First off, she tells EVERYONE how old she is. It’s not that weird until you think, gee, do I go around telling people, hey, guess what, I’m 47? Of course not, that would be ridiculous. But it’s perfectly ok for her to make sure everyone knows her exact age, and for them to be suitably impressed. Just as they are for every child who proudly announces “I’m three!” And in a few weeks, when it’s her birthday, she will tell everyone “today is my birthday!” just as every small child does. And everyone will be charmed, and wish her a happy birthday, and no one will roll their eyes and deny her any attention. Because they will be impressed that she has made it to 98. Which they should be.

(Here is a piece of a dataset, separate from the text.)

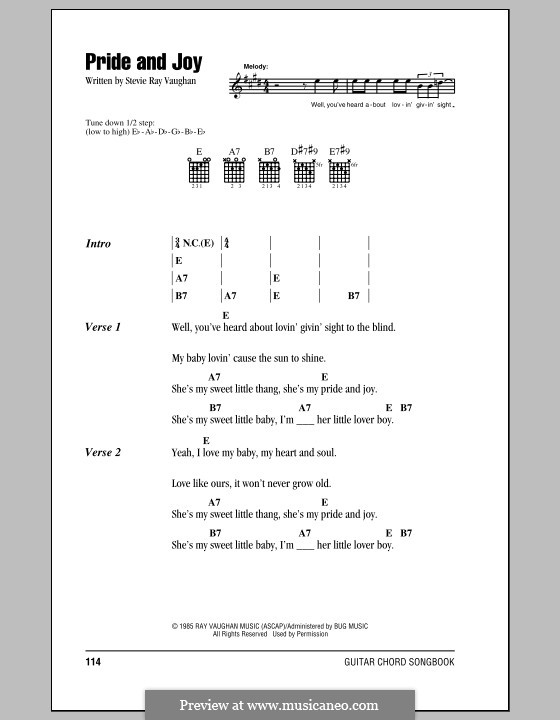 Pride and Joy: Lyrics and chords by Stevie Ray Vaughan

Until very recently, she lived on her own, in her own three-room apartment, cooking her meals (a scary thought, given her memory lapses), making her bed, paying her bills. But now, thanks to a fall, she’s in a “rehab facility” (aka nursing home), where it’s clear she needs to stay, because only now are her gaps becoming crystal clear. And yet she still harbors hopes of going back to her own place, even while she rings the nurse for help getting out of her chair, and while she’s relieved to not have to stand at the stove making her dinner. She still sees herself as independent and strong and capable of caring for herself.
She was telling the nurse the other day of how she was as capable as any man, knew how to use a hammer and screwdriver, and wasn’t afraid to climb a ladder to clean out her gutters. “You did this recently?” the nurse asked, ready to be amazed. I knew she hadn’t actually done any of this in over twenty years, but to my grandmother’s mind, it really wasn’t that long ago, and she could do it now, if it wasn’t for her darn bad knee.

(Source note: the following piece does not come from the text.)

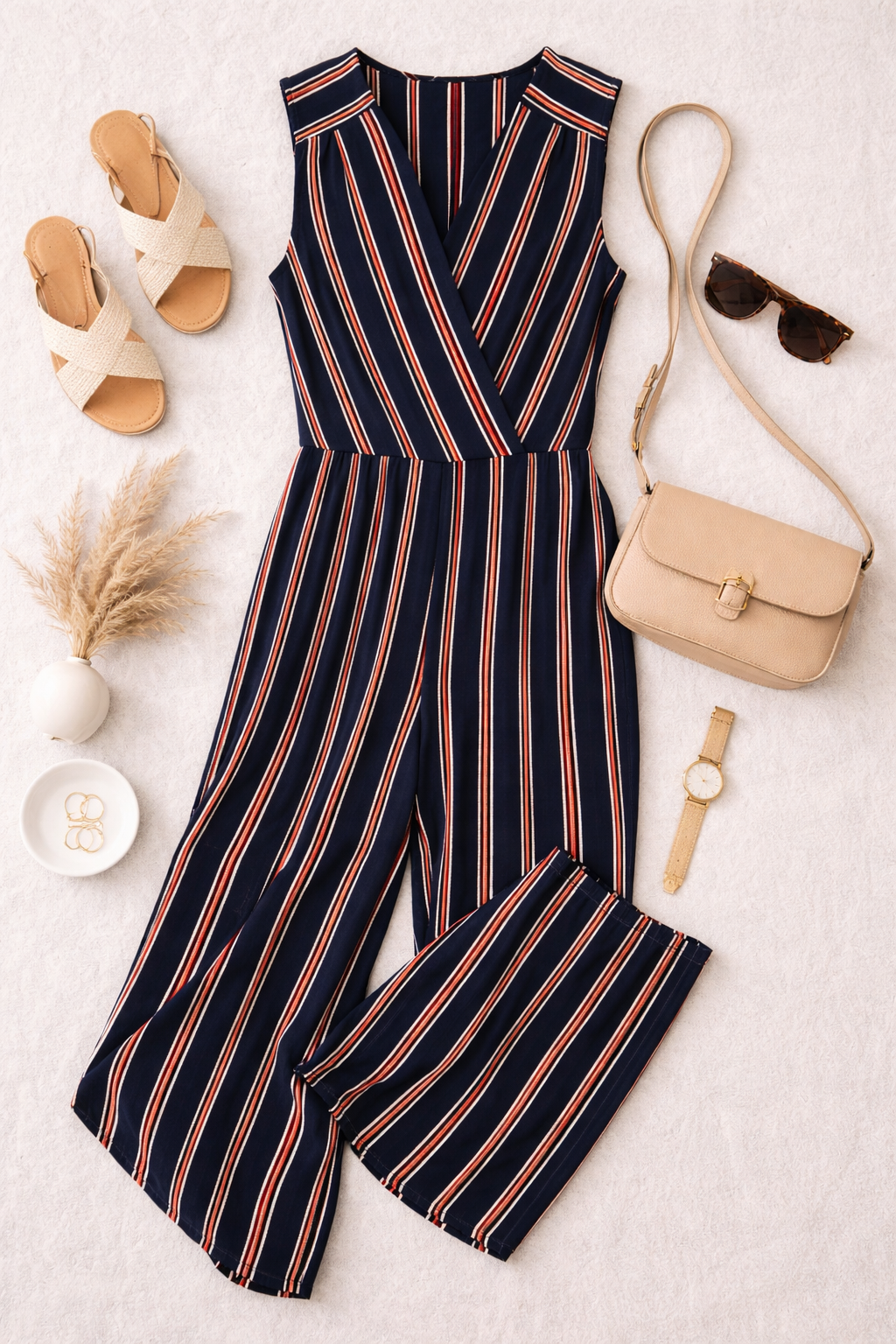 NWT_navy_and_orange_striped_jumper_at_Blue_Sparrow_resale_shop flatlay with purse, watch, sunglasses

But it’s more than just the knee, more than she even fully realizes. And now she needs help with dressing, and toileting, and remembering what happens next, just like a toddler. And she is just as delightful to spend time with, to listen to her sense of humor, her endless stories of life as a girl, her absolute faith that she is still the independent woman she always was. Because, unless she looks in the mirror, the woman she sees in her mind is still young and strong and capable.
It’s a revealing window into how we all age, if we are lucky, and how, no matter that our bodies sag and faces wrinkle, or how difficult it is to button a shirt or to open an envelope, we all have a picture of ourselves that is much younger and more vibrant than what others may see.
And I wish that woman, as well as the one I get to spend time with now, a very Happy Mother’s Day.